● **Study material**
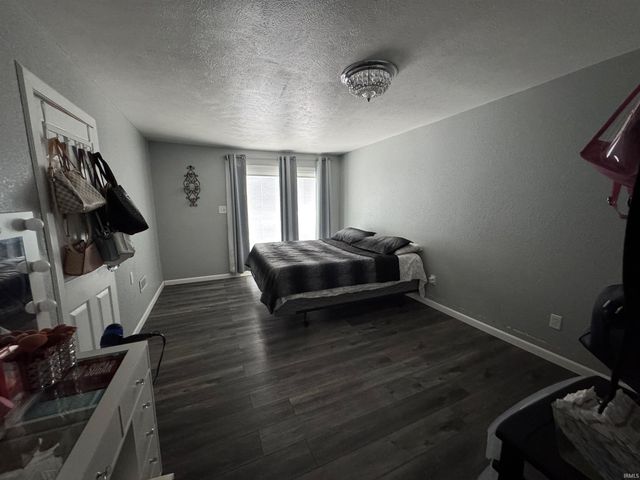 1913 Illinois Street, Elkhart, IN 46516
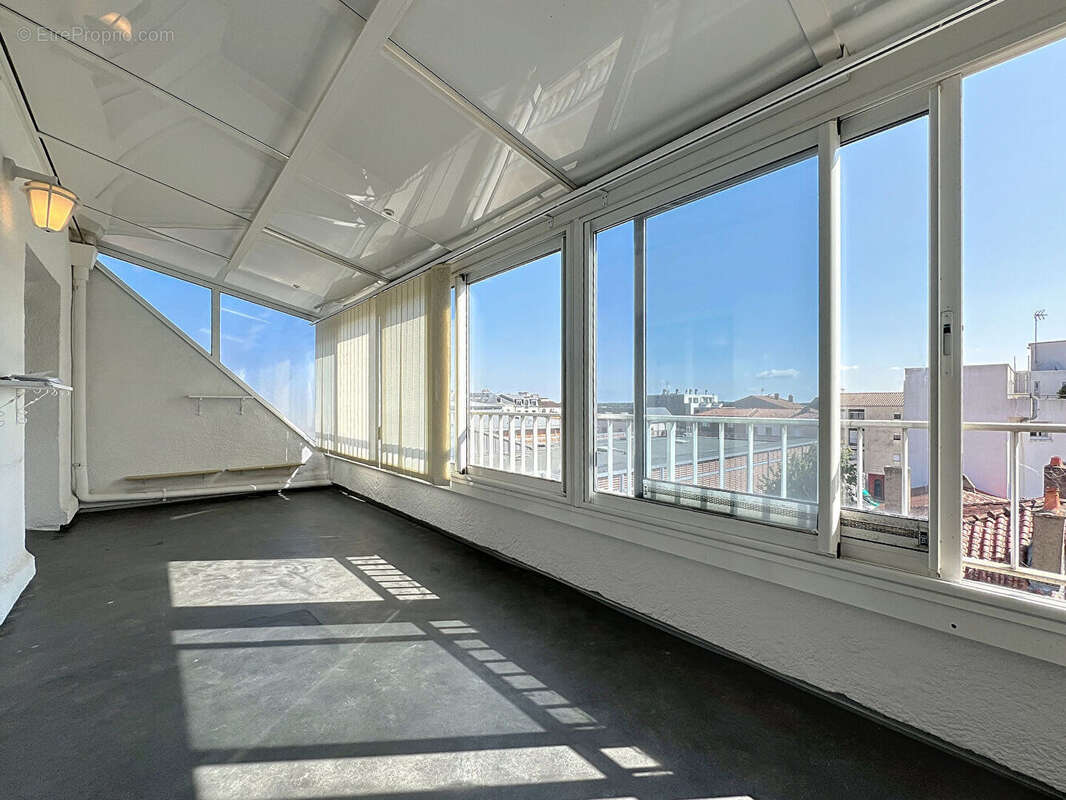 Appartement type 2 avec vue dégagée - CENTRE VILLE - photo 2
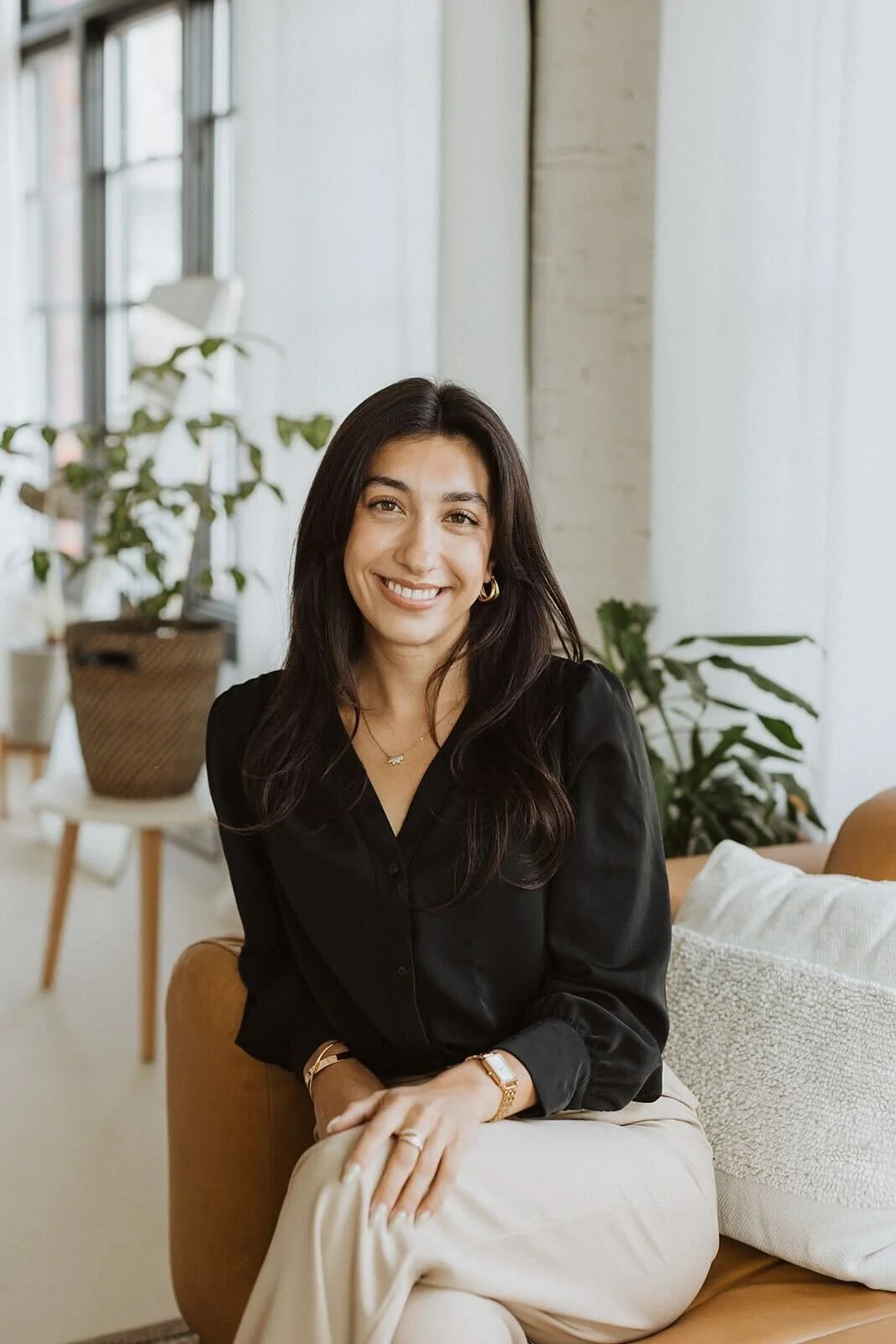 Minimal black and white floral line illustration used as branding artwork for sachi & maia.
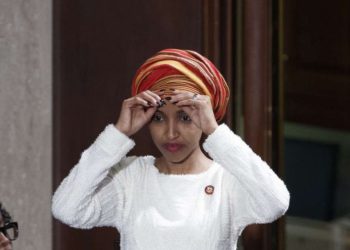 Cardoza-Moore entrega peticiones a Washington solicitando expulsión de Ilhan Omar del Congreso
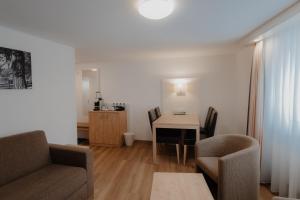 Svetainės erdvė apgyvendinimo įstaigoje Lifestyle & Spa Hotel Grächerhof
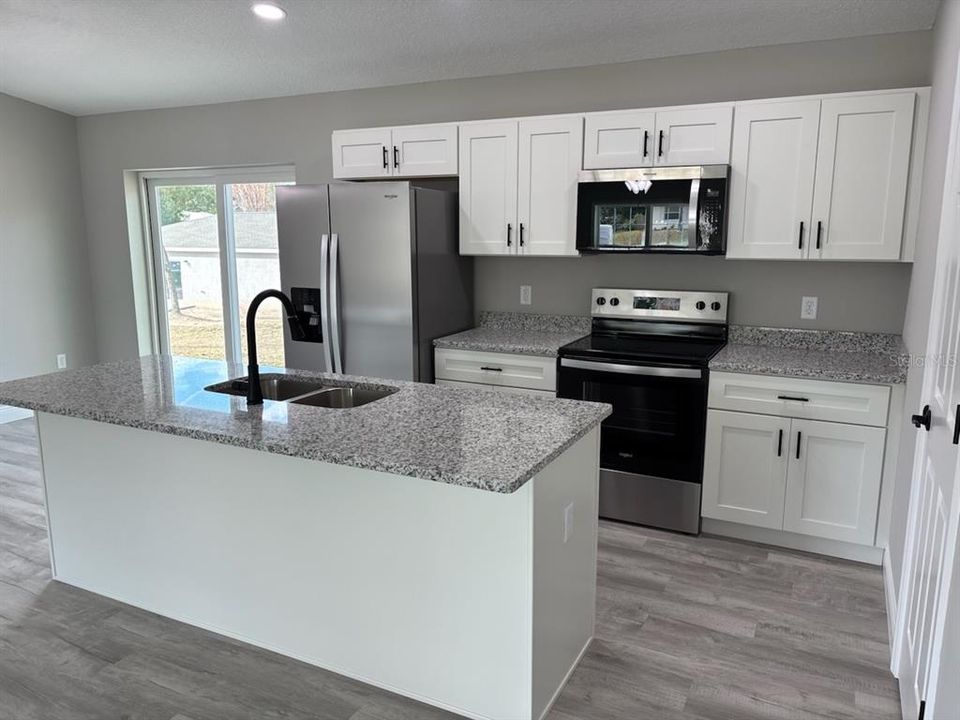 For Sale: $224,900 (3 beds, 2 baths, 1264 Square Feet)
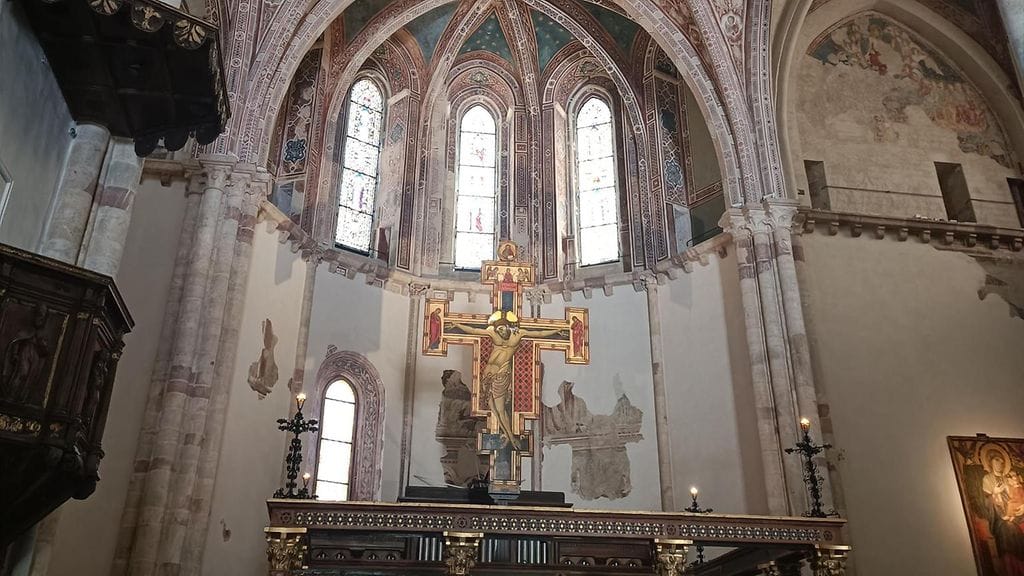 Pyhän Klaaran hauta sijaitsee hänelle nimetyssä kirkossa. Kuvaaja Iida Kouva.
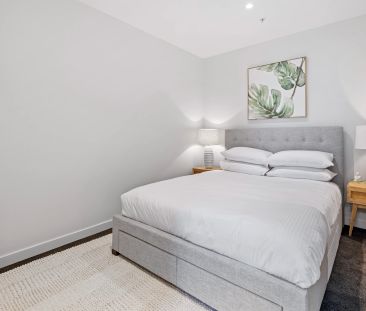 Sleek, Stress-free Inner-City Style Fully Furnished Apartment - Photo 6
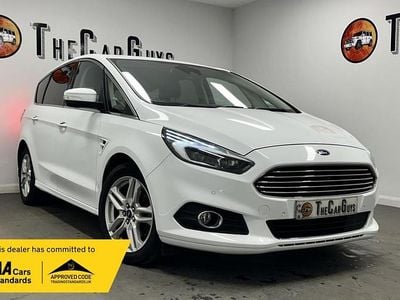 Used Ford S-MAX Titanium 180 HP (132 kW) 2017 White MPV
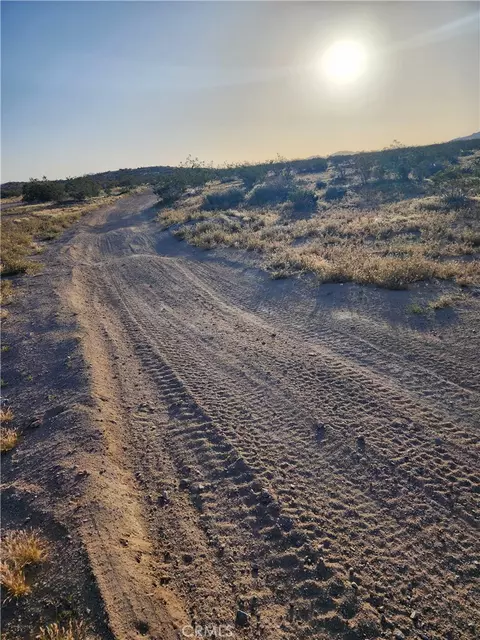 1 Cottonwood Rd, Helendale, CA 92342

● **Task statement**
Only the pictures stay behind; everything else in the data above is to be retyped exactly.

● **Response below**
 1913 Illinois Street, Elkhart, IN 46516
 Appartement type 2 avec vue dégagée - CENTRE VILLE - photo 2
 Minimal black and white floral line illustration used as branding artwork for sachi & maia.
 Cardoza-Moore entrega peticiones a Washington solicitando expulsión de Ilhan Omar del Congreso
 Svetainės erdvė apgyvendinimo įstaigoje Lifestyle & Spa Hotel Grächerhof
 For Sale: $224,900 (3 beds, 2 baths, 1264 Square Feet)
 Pyhän Klaaran hauta sijaitsee hänelle nimetyssä kirkossa. Kuvaaja Iida Kouva.
 Sleek, Stress-free Inner-City Style Fully Furnished Apartment - Photo 6
 Used Ford S-MAX Titanium 180 HP (132 kW) 2017 White MPV
 1 Cottonwood Rd, Helendale, CA 92342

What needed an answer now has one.